» **Material provided**:
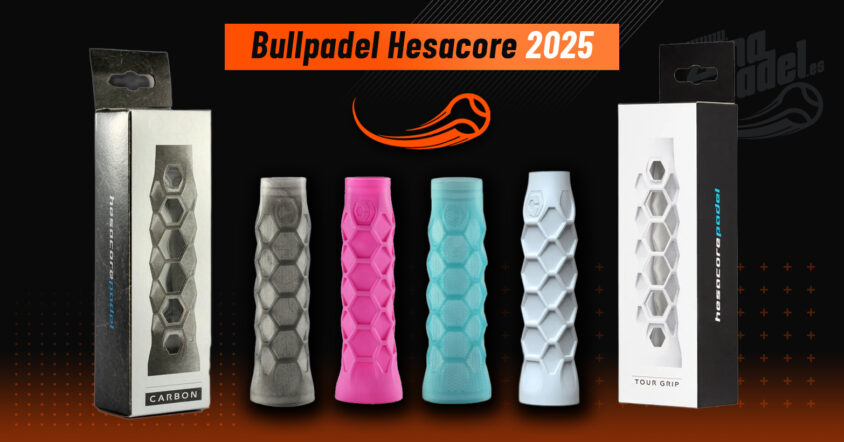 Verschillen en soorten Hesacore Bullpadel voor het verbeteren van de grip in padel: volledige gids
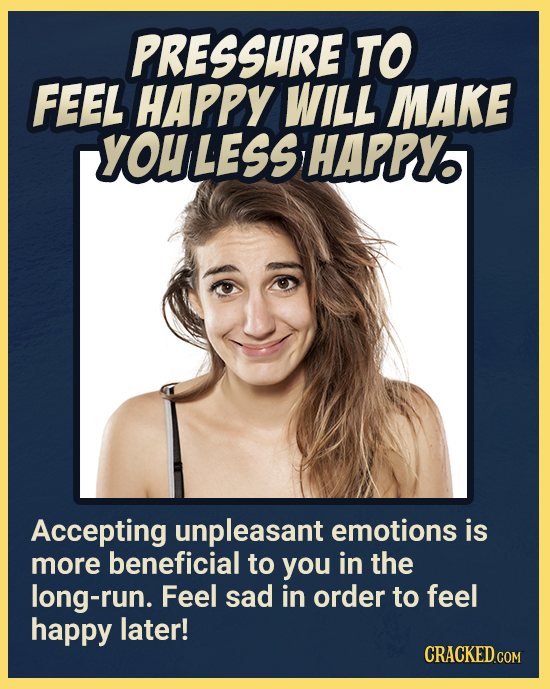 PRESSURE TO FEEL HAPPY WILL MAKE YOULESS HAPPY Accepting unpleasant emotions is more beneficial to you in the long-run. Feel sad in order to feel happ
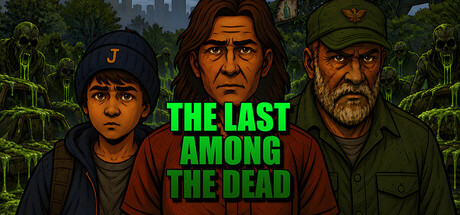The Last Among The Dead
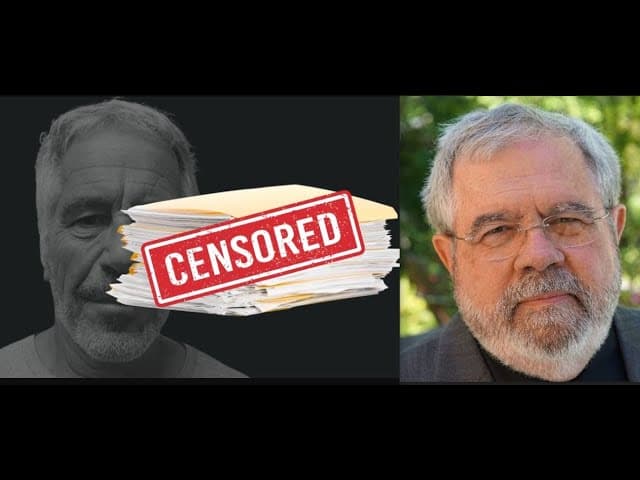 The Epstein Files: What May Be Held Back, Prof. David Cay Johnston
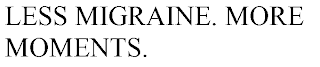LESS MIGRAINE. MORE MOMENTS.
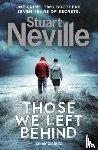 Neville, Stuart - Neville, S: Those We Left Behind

» **Exercise requirements**: With the pictures omitted, write out exactly the lines from the one that contains "LESS MIGRAINE. MORE MOMENTS." through the final line of the material above, both ends included.

» **Output below**:
LESS MIGRAINE. MORE MOMENTS.
 Neville, Stuart - Neville, S: Those We Left Behind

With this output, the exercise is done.